> DATA EXCERPT
[Start of section]
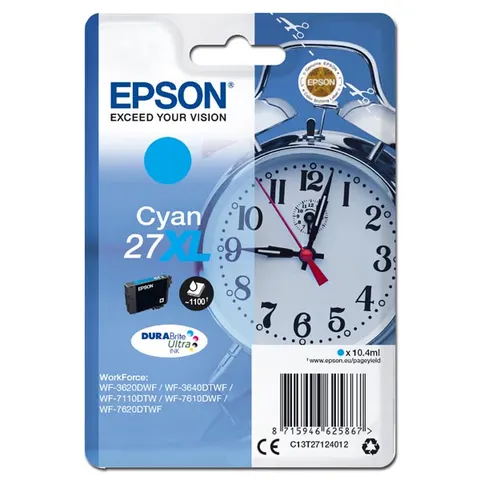 Tusz EPSON 27XL - cyan, 10,4ml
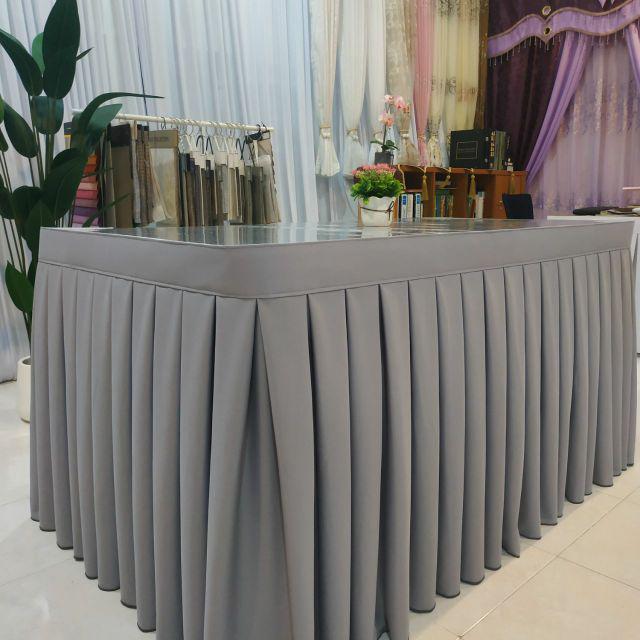 Free Gift Skirting Meja Guru Table Top Dapur Singki Box Pleats Material Jc With Velcro Tolong Baca Shopee Malaysia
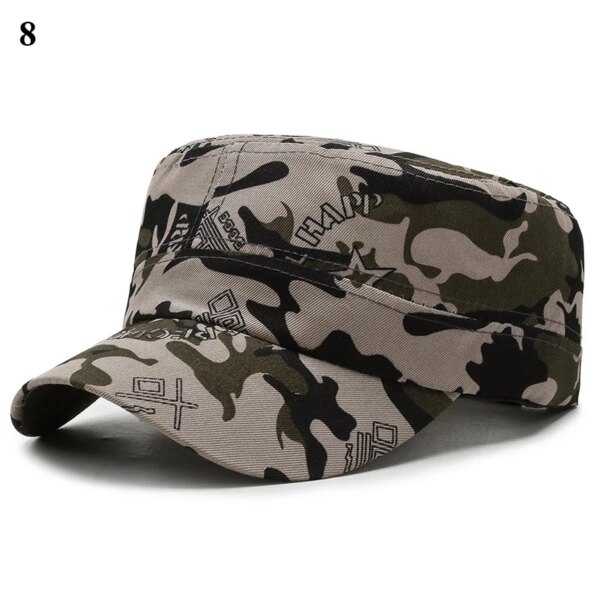 CamSolomon-Casquette Plate Militaire pour Femme et Homme, Chapeau de Baseball, Ajustable, Classique, à la Mode, Soldat, Parasol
[End of section]
> WHAT THE EXERCISE ASKS
This exercise calls for the complete listing, returned exactly and without images.

> THE ANSWER
 Tusz EPSON 27XL - cyan, 10,4ml
 Free Gift Skirting Meja Guru Table Top Dapur Singki Box Pleats Material Jc With Velcro Tolong Baca Shopee Malaysia
 CamSolomon-Casquette Plate Militaire pour Femme et Homme, Chapeau de Baseball, Ajustable, Classique, à la Mode, Soldat, Parasol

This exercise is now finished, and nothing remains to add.